People generally fall into one of two camps on questions of this sort: 

  1. These questions are idiotic, a waste of time, and only really strange and intellectually eccentric people care about them.
  2. These questions are fascinating, albeit strange, and by thinking about them we can start to understand the phenomenon of mentality.

The vast majority of people is in the first camp.  For better or worse, I have always been in the second.  This is the province of the Philosophy of Mind, the discipline that seeks, or pretends to seek clarity regarding our notions of what it means to be conscious, have a mind, be a sentient, perceiving being, and not to be a machine, a robot, or a zombie.   (The latter category of being is much in vogue today, among philsophers of mind.)

I know of no better guide through this morass than Professor Daniel C. Dennett of Tufts University.  His 1991 book, Consciousness Explained is the best thing I have ever read on the topic.  His recent short book of lectures that revisits that earlier work, Sweet Dreams:  Philosophical Obstacles to a Science of Consciousness is a great refresher on his ideas.  The word science is key:  Dennett is trying to use philosophy to clear away intellectual deadwood so that science may advance more rapidly.  He rejects the notion that philosophy has a primary role in formulating an explanation of consciousness, and for this he is labeled as reductionist, materialist, physicalist, mechanist, and several other more or less pejorative terms, some of which he is happy to accept, albeit with qualifications.

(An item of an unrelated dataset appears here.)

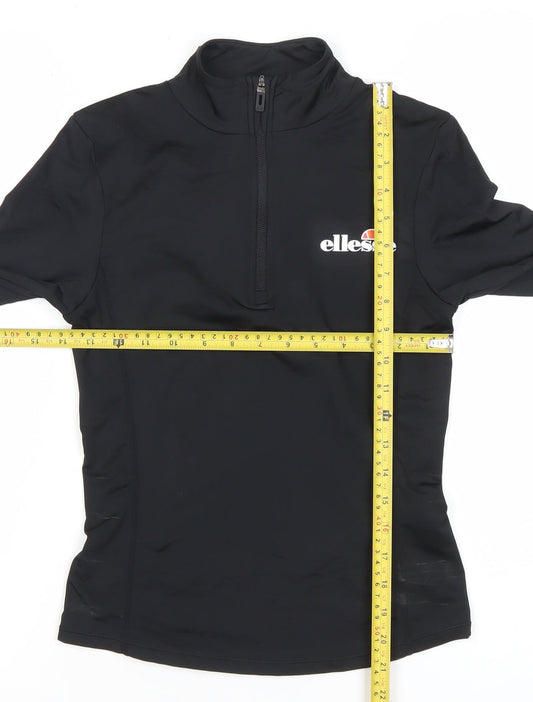 Ellesse Womens Black Size 6 Long Sleeve 1/4 Zip Activewear Top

As a student of philosophy in college, I became disgusted with the narrowminded and dogmatic point of view that dominated the department, and I left to take a degree in art history.  One  intellectual luminary, who was my personal bête noir, Thomas Nagel, is the subject of frequent, sustained, and devastating criticism by Dennett.  Of course, I love that.  (Nagel’s essay, What is it like to be a bat? , is a “classic” in the field.)

I have seen Dennett on TV, and read opinion pieces of his in the NYTimes, and he has a tendency towards pugnacious and aggressive humor, but he has a right to it.  The people with whom he’s arguing need shaking up.  And he’s right!  At times, as when he discusses atheism, he seems a bit of a crank, but that too is probably a result of arguing with mystics who think they are scientists.  If the arguments of his critics seem, as he presents them, to be utterly ridiculous, that’s because they are.  The bigger question is why they continue to be revered as sophisticated philosophical investigators.

These books are not for those seeking an introduction to the topic, and if you are not familiar with the arcane and involved history of these questions in the philosophical literature, you will find them tough going.  Sorry, but I don’t know any books that do fit that bill.